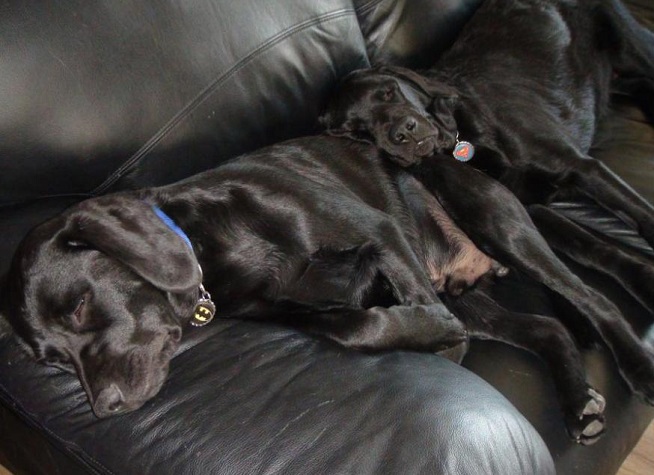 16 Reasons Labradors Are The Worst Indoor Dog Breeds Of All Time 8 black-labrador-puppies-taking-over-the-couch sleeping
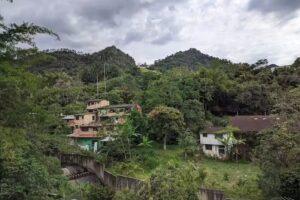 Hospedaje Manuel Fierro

...

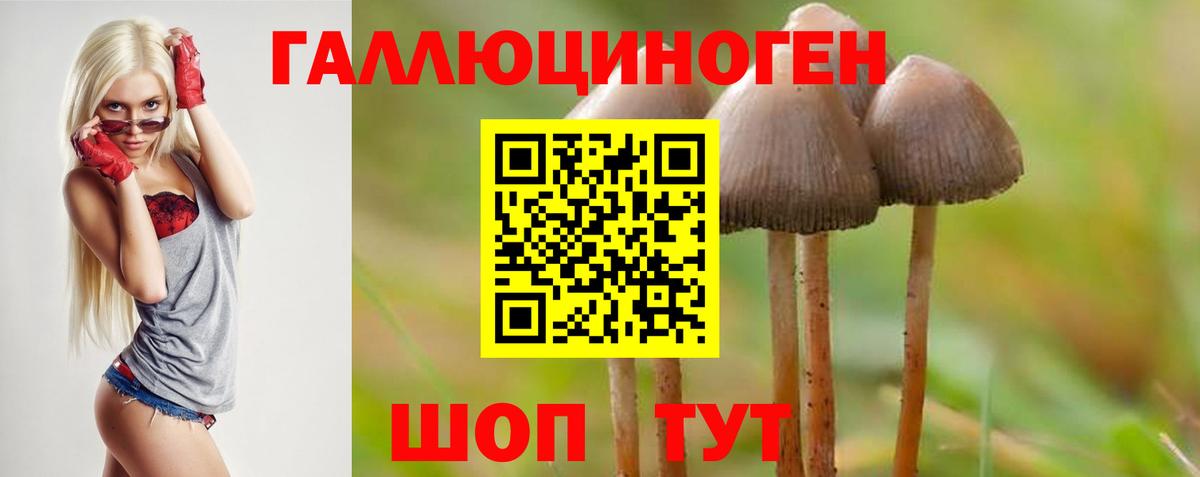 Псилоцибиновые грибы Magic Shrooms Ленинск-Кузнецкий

PROBLEM TO SOLVE
With the pictures removed, print only the lines starting at the line that has "16 Reasons Labradors" and ending at the line that has "Hospedaje Manuel Fierro", both ends included, exactly as they stand above.

YOUR RESPONSE
 16 Reasons Labradors Are The Worst Indoor Dog Breeds Of All Time 8 black-labrador-puppies-taking-over-the-couch sleeping
 Hospedaje Manuel Fierro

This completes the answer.